Zero-Shot Stance Detection in the Wild: Dynamic Target Generation and Multi-Target Adaptation

Zero-Shot Stance Detection in the Wild: Dynamic Target Generation and Multi-Target Adaptation
Notice: This research summary and analysis were automatically generated using AI technology. For absolute accuracy, please refer to the [Original Paper Viewer] below or the Original ArXiv Source.

Current stance detection research typically relies on predicting stance based on given targets and text. However, in real-world social media scenarios, targets are neither predefined nor static but rather complex and dynamic. To address this challenge, we propose a novel task: zero-shot stance detection in the wild with Dynamic Target Generation and Multi-Target Adaptation (DGTA), which aims to automatically identify multiple target-stance pairs from text without prior target knowledge. We construct a Chinese social media stance detection dataset and design multi-dimensional evaluation metrics. We explore both integrated and two-stage fine-tuning strategies for large language models (LLMs) and evaluate various baseline models. Experimental results demonstrate that fine-tuned LLMs achieve superior performance on this task: the two-stage fine-tuned Qwen2.5-7B attains the highest comprehensive target recognition score of 66.99%, while the integrated fine-tuned DeepSeek-R1-Distill-Qwen-7B achieves a stance detection F1 score of 79.26%.


💡 Research Summary

The paper introduces a new task called Zero‑Shot Stance Detection in the Wild with Dynamic Target Generation and Multi‑Target Adaptation (DGTA). Unlike traditional stance detection, which assumes a predefined set of targets, DGTA requires a model to discover all potential targets mentioned in a social‑media post and assign a stance label (support, against, neutral) to each, without any prior knowledge of target vocabulary or the number of targets per instance.
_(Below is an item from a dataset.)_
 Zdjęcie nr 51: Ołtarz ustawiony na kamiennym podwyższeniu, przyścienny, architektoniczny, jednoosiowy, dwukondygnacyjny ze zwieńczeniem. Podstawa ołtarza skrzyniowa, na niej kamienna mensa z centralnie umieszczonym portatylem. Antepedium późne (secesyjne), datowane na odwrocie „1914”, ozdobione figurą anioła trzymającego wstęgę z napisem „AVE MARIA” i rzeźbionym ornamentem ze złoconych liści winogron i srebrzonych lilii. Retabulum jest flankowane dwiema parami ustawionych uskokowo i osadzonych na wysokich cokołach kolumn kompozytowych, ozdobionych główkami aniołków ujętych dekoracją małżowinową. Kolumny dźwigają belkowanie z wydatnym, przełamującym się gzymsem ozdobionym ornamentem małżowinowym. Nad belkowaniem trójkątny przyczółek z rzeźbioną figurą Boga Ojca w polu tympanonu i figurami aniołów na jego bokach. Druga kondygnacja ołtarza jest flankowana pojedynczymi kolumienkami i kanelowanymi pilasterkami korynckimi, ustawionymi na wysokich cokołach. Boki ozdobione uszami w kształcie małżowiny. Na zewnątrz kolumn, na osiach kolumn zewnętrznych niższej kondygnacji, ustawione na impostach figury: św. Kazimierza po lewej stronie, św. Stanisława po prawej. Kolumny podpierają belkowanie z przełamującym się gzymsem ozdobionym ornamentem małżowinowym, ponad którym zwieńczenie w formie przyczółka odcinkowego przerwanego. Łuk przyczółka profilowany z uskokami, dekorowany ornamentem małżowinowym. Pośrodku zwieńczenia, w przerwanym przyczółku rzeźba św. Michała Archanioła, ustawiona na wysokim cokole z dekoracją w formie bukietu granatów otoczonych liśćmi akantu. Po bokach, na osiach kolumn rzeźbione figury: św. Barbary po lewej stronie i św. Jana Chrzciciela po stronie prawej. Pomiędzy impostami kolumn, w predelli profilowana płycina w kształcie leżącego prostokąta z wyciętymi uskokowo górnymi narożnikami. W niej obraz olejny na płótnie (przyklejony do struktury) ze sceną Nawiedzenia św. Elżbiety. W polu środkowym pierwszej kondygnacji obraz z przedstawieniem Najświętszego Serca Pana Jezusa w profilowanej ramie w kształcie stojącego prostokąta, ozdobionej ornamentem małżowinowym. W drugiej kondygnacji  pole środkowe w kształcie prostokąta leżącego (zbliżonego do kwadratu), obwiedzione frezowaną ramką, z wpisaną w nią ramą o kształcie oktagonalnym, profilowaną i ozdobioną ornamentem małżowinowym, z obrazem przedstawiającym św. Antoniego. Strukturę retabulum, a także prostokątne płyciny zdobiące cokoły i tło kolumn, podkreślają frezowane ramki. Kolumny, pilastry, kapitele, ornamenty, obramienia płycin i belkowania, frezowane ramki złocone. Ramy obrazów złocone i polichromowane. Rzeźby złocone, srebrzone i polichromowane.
To support this task, the authors construct a large‑scale Chinese dataset from the micro‑blog platform Weibo. They select 240 diverse users, collect 125,176 posts, clean the data by removing emojis, URLs, usernames, and other noise, and then apply a multi‑stage annotation pipeline. Three large language models (GLM‑4‑9B, Qwen2.5‑7B, Llama‑3‑8B) independently generate target‑stance annotations. A cross‑validation rule accepts a sample only when at least two models agree on both the extracted targets and their stances. The accepted samples are rescored by DeepSeek‑V3, and low‑scoring instances are corrected. Finally, eight professional annotators verify every retained sample. After discarding 36,379 low‑quality entries, the final corpus contains 70,931 annotated posts covering single‑target, dual‑target, triple‑target, and multi‑target cases. Statistics show a balanced distribution of support, against, and neutral labels across targets such as “USA”, “Trump”, “Huawei”, etc.

Because conventional metrics cannot capture the open‑ended nature of target generation, the authors design a multi‑dimensional evaluation framework. For target identification they compute BERTScore, BLEU, ROUGE‑L, and a recall measure of target count, then combine them into a comprehensive C‑Score: C‑Score = (α·BERTScore + β·BLEU + γ·ROUGE‑L) × Recall, with α=0.6, β=0.2, γ=0.2. This balances semantic similarity with surface‑form matching and quantity alignment. For stance detection they first filter samples whose target predictions exceed empirically chosen thresholds (e.g., BERTScore ≥ 0.7, BLEU ≥ 0.2, ROUGE‑L ≥ 0.4, Recall ≥ 0.8, C‑Score ≥ 0.3). Only these “correctly identified” samples are evaluated with precision, recall, and F1.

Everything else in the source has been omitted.